En toute logique, la plate-forme Ethereum devrait aujourd'hui avoir totalement disparu, puisque les fondations de la blockchain sur laquelle elle repose sont sapées une à une. Pourtant, les mouvements irrationnels qu'elle suscite continuent à s'amplifier, jusqu'à prendre des proportions insensées. Quand la raison reprendra-t-elle le dessus ?
La première alerte a été l'affaire de TheDAO, dont la résolution à la hussarde a anéanti une des propriétés essentielles d'une blockchain, qu'elle soit la base d'Ethereum ou autre : l'immutabilité. En actant que, dans certaines conditions, il était admissible d'annuler les transactions enregistrées par le passé, il n'était plus possible de maintenir la confiance. Que diriez-vous si, tout d'un coup, votre banquier décidait arbitrairement qu'une partie des opérations réalisées sur votre compte pouvaient être effacées ?

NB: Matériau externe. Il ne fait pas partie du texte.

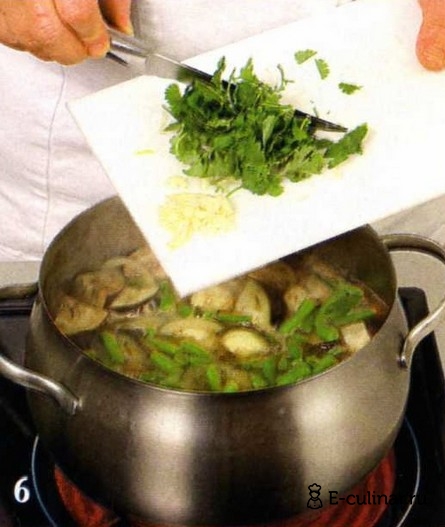 Суп из баранины с баклажанами - фото шага 6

Il y a quelques jours, une fausse rumeur a permis de mettre au jour la faiblesse effective d'une deuxième caractéristique majeure pour une blockchain opérationnelle : l'absence de point de défaillance unique (SPOF, pour l'acronyme anglais). D'un point de vue technique, celle-ci est garantie par une réplication massive des données, sur les multiples nœuds de son infrastructure distribuée. Malheureusement, quand l'annonce de la mort de Vitalik Buterin, le concepteur d'Ethereum, fait perdre plus de 10% à la valeur de la crypto-monnaie, le principe de résilience est sérieusement mis à mal.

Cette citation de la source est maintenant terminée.